Selon les membres de la section ivoirienne de l’APF, «le spectre de violence verbale et de brutalisation physique que la délégation d’Amadou Soumahoro a fait planer sur les travaux de Rabat reste un indicateur plausible du climat de passion qui affectera négativement la 45è session si elle a lieu à Abidjan».

«Il nous revient qu’avec la complicité de personnalités bien identifiées au sein de l’APF, cette organisation envisagerait la dangereuse décision de tenir ses prochaines assises à Abidjan devant un parlement déliquescent, secoué par la tension la plus profonde de son histoire et incapable de former un Bureau pour faire fonctionner ses organes», a ajouté le député Koné.

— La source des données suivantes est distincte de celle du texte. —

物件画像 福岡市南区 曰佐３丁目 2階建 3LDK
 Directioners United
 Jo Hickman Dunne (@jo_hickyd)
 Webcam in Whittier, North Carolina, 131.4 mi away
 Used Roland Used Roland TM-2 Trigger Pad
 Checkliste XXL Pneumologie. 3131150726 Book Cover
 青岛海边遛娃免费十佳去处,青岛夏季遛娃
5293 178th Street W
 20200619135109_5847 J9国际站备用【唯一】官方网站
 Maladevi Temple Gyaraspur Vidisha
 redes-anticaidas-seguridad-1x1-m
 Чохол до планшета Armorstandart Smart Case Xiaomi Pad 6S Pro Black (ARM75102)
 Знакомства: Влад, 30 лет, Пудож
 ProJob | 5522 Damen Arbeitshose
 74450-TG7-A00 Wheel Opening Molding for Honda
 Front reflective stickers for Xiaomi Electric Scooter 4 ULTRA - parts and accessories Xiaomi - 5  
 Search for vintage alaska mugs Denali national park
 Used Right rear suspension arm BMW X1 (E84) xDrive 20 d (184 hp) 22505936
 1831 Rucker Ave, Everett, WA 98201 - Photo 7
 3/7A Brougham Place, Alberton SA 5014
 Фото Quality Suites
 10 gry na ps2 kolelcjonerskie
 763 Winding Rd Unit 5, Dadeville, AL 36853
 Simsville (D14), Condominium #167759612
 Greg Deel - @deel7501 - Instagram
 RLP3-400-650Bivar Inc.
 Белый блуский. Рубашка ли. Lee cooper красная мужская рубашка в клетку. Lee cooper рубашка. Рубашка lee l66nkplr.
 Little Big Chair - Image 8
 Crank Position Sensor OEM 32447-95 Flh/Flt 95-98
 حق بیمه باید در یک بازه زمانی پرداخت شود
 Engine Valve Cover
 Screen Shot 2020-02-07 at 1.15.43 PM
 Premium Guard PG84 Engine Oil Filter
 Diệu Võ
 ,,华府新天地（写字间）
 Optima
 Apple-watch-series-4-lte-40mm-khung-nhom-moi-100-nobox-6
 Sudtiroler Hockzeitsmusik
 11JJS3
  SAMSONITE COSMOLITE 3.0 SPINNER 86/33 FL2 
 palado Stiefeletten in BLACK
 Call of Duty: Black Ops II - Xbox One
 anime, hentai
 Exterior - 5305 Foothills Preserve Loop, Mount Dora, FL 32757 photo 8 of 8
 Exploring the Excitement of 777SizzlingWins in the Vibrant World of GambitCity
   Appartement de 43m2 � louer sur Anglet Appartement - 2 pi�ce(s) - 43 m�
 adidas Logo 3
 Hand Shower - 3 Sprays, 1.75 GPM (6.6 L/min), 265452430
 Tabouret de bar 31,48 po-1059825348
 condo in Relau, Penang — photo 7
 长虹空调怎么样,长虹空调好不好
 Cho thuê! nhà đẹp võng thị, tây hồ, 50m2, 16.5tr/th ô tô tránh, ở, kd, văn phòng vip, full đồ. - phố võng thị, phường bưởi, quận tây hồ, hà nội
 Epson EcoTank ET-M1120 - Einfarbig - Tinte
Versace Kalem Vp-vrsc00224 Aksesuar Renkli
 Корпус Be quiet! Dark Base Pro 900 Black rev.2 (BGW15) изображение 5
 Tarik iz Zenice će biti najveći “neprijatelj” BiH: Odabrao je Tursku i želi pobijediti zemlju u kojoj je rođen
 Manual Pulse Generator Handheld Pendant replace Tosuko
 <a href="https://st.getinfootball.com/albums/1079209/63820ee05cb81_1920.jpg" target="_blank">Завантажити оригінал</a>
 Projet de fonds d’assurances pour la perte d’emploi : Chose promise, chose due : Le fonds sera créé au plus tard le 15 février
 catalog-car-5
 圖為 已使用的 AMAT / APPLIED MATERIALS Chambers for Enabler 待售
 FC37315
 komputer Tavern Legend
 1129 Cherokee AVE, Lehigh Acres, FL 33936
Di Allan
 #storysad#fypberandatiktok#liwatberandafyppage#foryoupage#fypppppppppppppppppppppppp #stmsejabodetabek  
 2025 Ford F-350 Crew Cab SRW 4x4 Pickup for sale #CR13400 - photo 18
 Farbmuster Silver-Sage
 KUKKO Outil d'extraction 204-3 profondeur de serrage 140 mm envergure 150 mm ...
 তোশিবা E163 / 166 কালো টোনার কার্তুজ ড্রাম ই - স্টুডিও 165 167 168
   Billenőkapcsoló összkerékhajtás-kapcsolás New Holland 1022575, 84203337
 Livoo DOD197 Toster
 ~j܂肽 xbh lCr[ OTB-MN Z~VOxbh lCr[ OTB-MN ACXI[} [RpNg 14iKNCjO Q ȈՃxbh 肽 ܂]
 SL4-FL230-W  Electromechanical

Entouré de Loukimane Camara et Célestine Trazéré respectivement députés de Bouna et Issia, le conférencier du jour a interpellé l’organisation interparlementaire. «Si l’APF tient cette 45è session à Abidjan, c’est comme si elle soutenait le déni de démocratie au sein de notre Assemblée nationale», a-t-il laissé entendre.

Pour rappel, lors de la réunion de l’APF à Rabat, Guillaume Soro a été confirmé dans son rôle de vice-président de l’institution. L’ancien président de l’Assemblée nationale de Côte d’Ivoire a également annoncé sa candidature à la présidence de l’Assemblée parlementaire de la Francophonie.